── Stored data

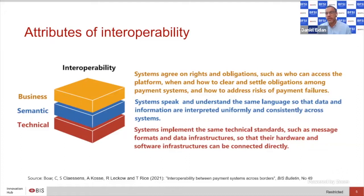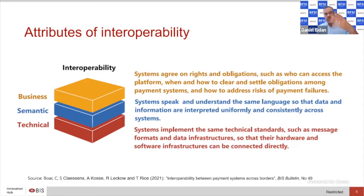Usually I would stack them in reverse: technical enables semantic, semantic enables business, and business enables full-stack interoperability.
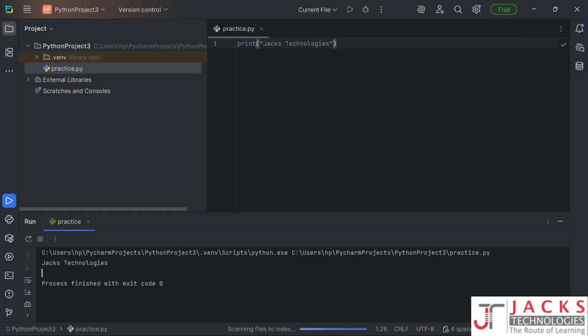Then if you try to print JAX Technologies it will give you the output. If you get the output, you are ready to go. This is how we install PyCharm on our Windows laptops.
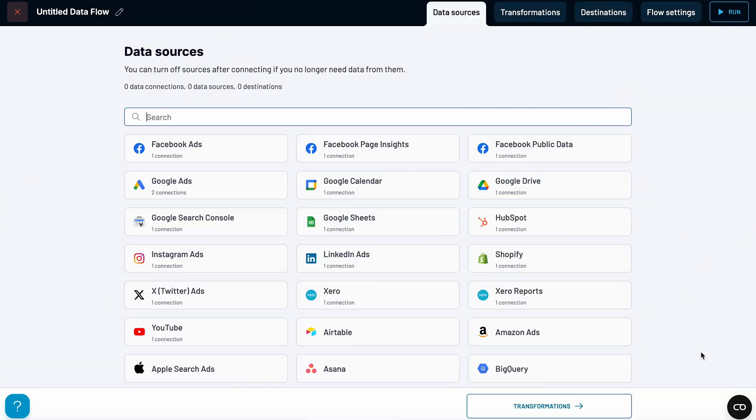Thankfully, there's a way to completely eliminate this manual process. Instead of exporting data over and over again, you can fully automate it with Coupler.io. Here's how it works.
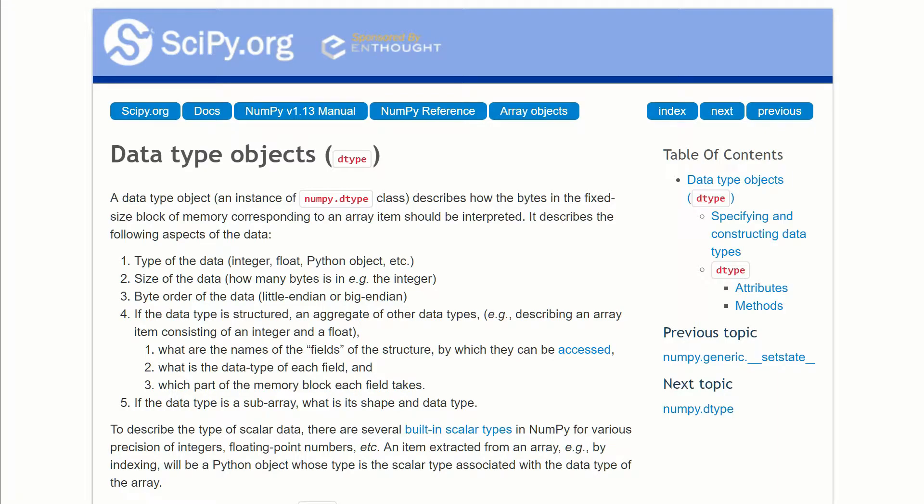What's up everyone, welcome to part three of our pandas tutorial series. In this one we're going to talk about data types or dtypes for short. For those of you who are familiar with numpy, you'll know that each numpy array has a dtype specified, which could be things like integers, floats, datetimes, and a few other ones.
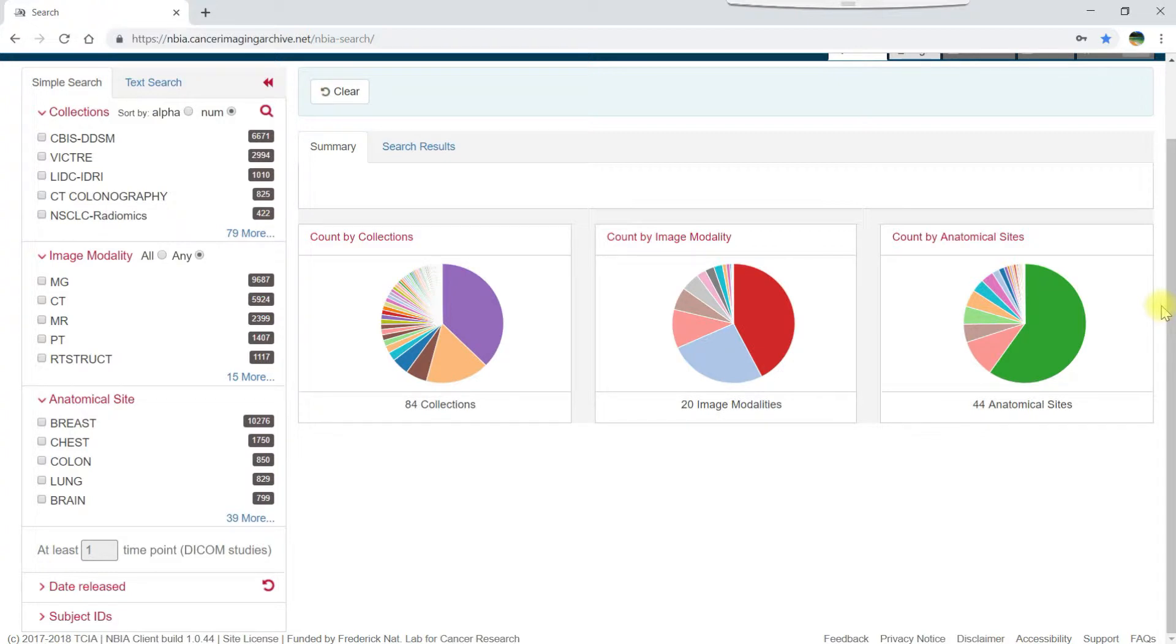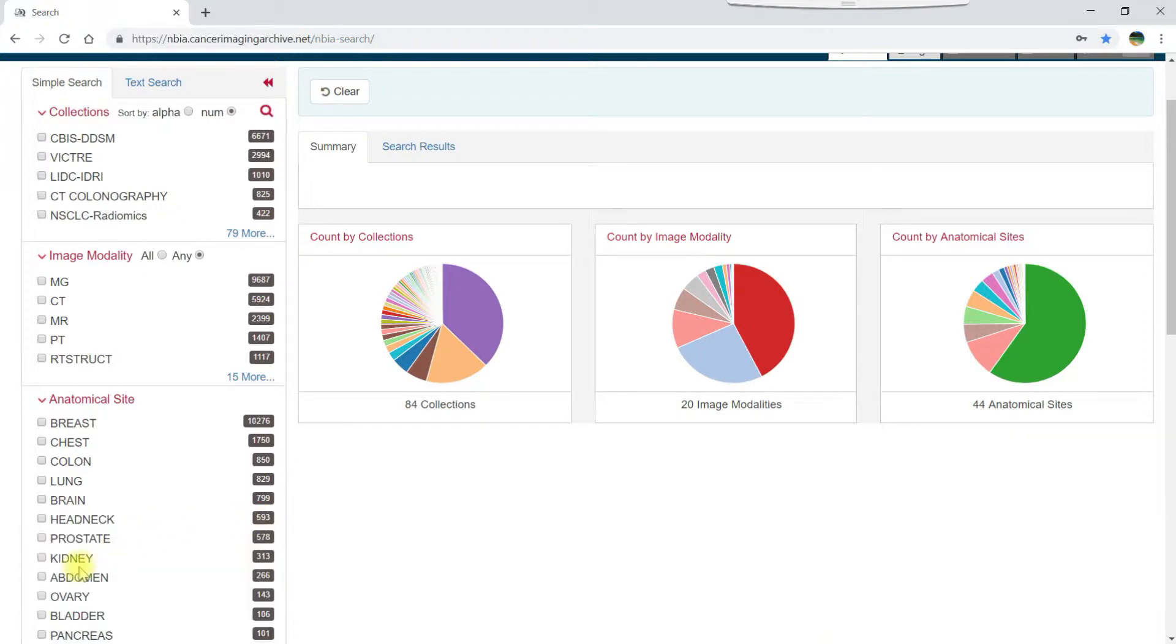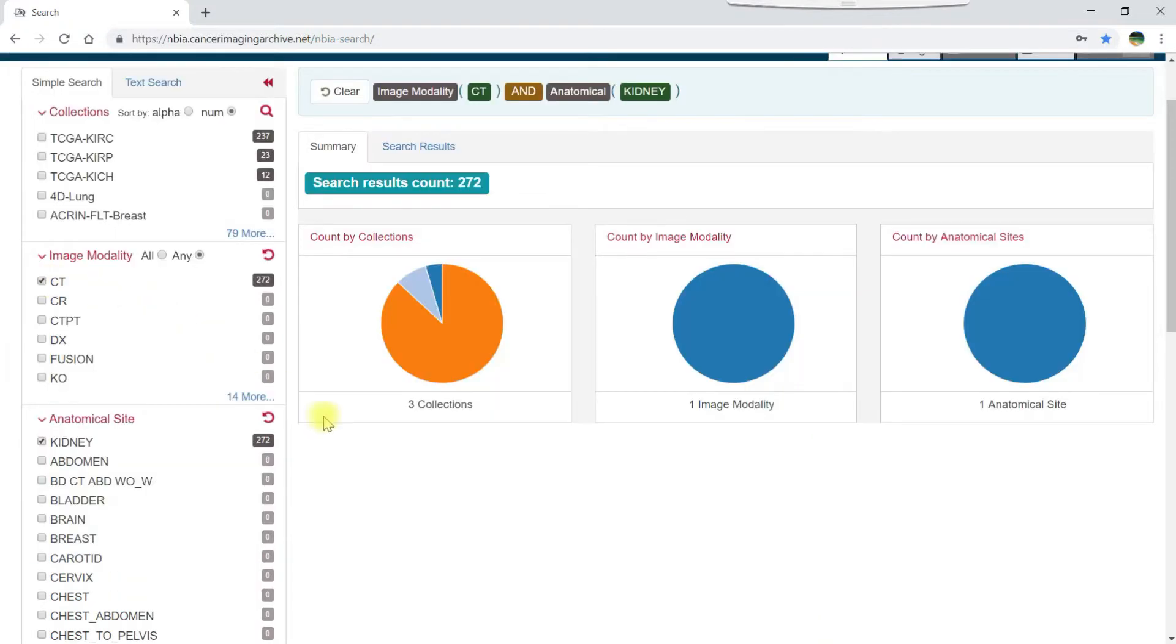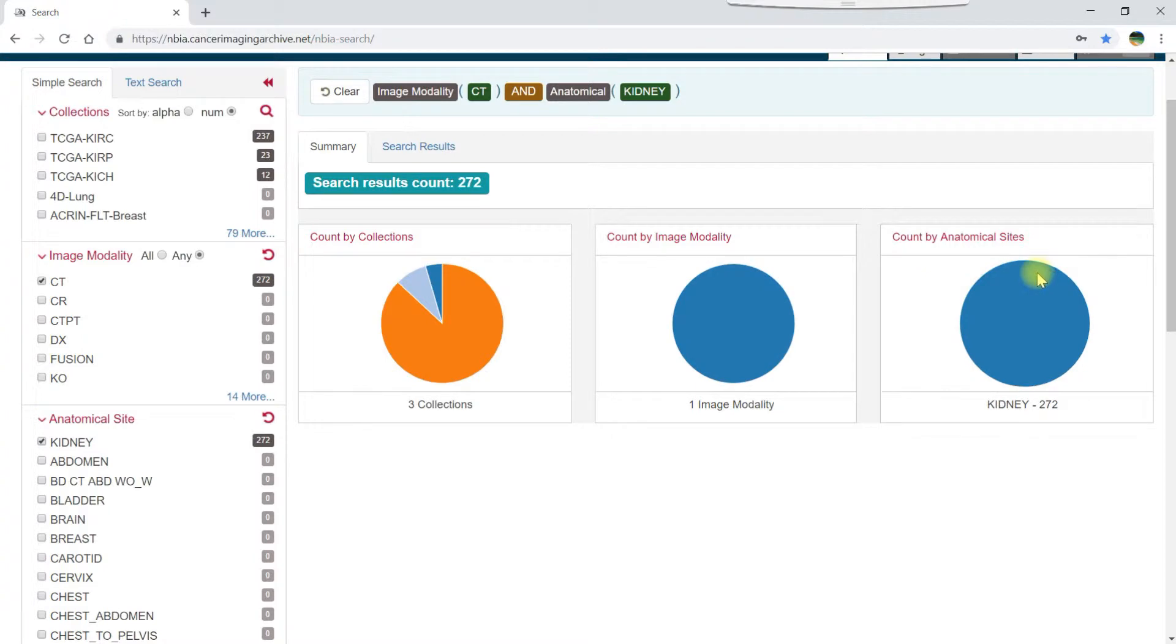Let's say we want to restrict our search to kidney scans. To do that, click the box to the left of kidney in the anatomical site section and CT in the image modality section. As soon as you select a filter, you see the pie charts on the summary tab change to reflect a summary of your search results.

────

:: Task to complete ::
Please write out, exactly, every line from the line with "What's up everyone, welcome" through the final line of the data above, leaving out pictures.

:: Output below ::
What's up everyone, welcome to part three of our pandas tutorial series. In this one we're going to talk about data types or dtypes for short. For those of you who are familiar with numpy, you'll know that each numpy array has a dtype specified, which could be things like integers, floats, datetimes, and a few other ones.
Let's say we want to restrict our search to kidney scans. To do that, click the box to the left of kidney in the anatomical site section and CT in the image modality section. As soon as you select a filter, you see the pie charts on the summary tab change to reflect a summary of your search results.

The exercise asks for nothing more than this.